If your documents are PDFs with image-based content containing text information that is not embedded in the PDF, you will also need to set an OCR Profile here. Furthermore, under PDF Options, you will need to set the OCR Assist property to either Auto or Always.

  • Auto will selectively apply OCR to PDF pages containing images.
  • Always will perform OCR on all pages.

OCR results are then combined with native text extraction to form a single complete text output for the document.

Obtaining Layout Data

Layout data is obtained from image feature detection commands on an IP Profile. If performing OCR, include an IP Profile containing these commands using the IP Profile property of the OCR Profile.


If you are not using OCR, you may set an IP Profile using the Alternate IP property under the "PDF Options" heading. In the image below an IP Profile named "Layout Data" is referenced, use the "OCR Cleanup" IP Profile instead if you are using the supplied materials for this article.


Layout data may need to be collected on the page level rather than the folder level to avoid problems during data extraction. Before running the Recognize activity, PDFs should be split using the "Split Pages" activity against the document. This will create individual page objects nested under the PDF document folder. Then, Recognize's Scope should be set to "Page" before running.


Layout View

Below is an example of the Layout View of a document after the Recognize activity has run. The highlighted text segments were identified by the OCR Engine. The bold red lines represent the layout data that was detected by the referenced IP Profile.

To access the Layout View of a Document, when in a Document Viewer, click on the Renditions icon and select "Layout View" from the menu.

Click here for an interactive walkthrough

Text Data

This is a "text view" of the extracted text from OCR during the Recognize activity.
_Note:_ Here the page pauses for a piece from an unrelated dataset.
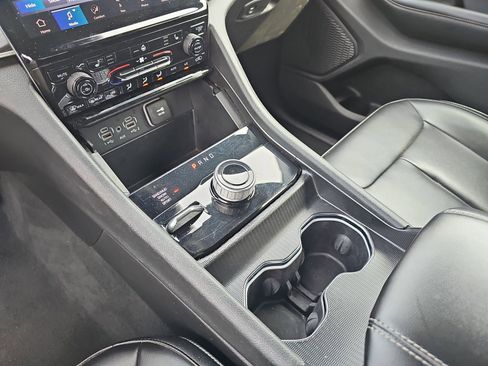 Used 2024 Jeep Grand Cherokee Limited image 26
This text will be used to separate pages into documents, classify documents according to how they are defined in a Content Model, extract Data Fields, or a number of other Grooper activities using text data.

Character Data

This is the individual character data for each character recognized, including character confidence and position information.

The character data is saved as a .txt file on the associated Batch Page or Batch Folder object, depending at which level the Recognize activity ran.

Layout Data

This is the layout information obtained from the activity. Layout information can yield visual information useful to further Grooper activities, such as whether or not checkboxes on a form are checked, or table line positions for extracting tabular data.

The layout information is saved as a .json file on the associated Batch Page or Batch Folder object, depending at which Scope the Recognize activity ran.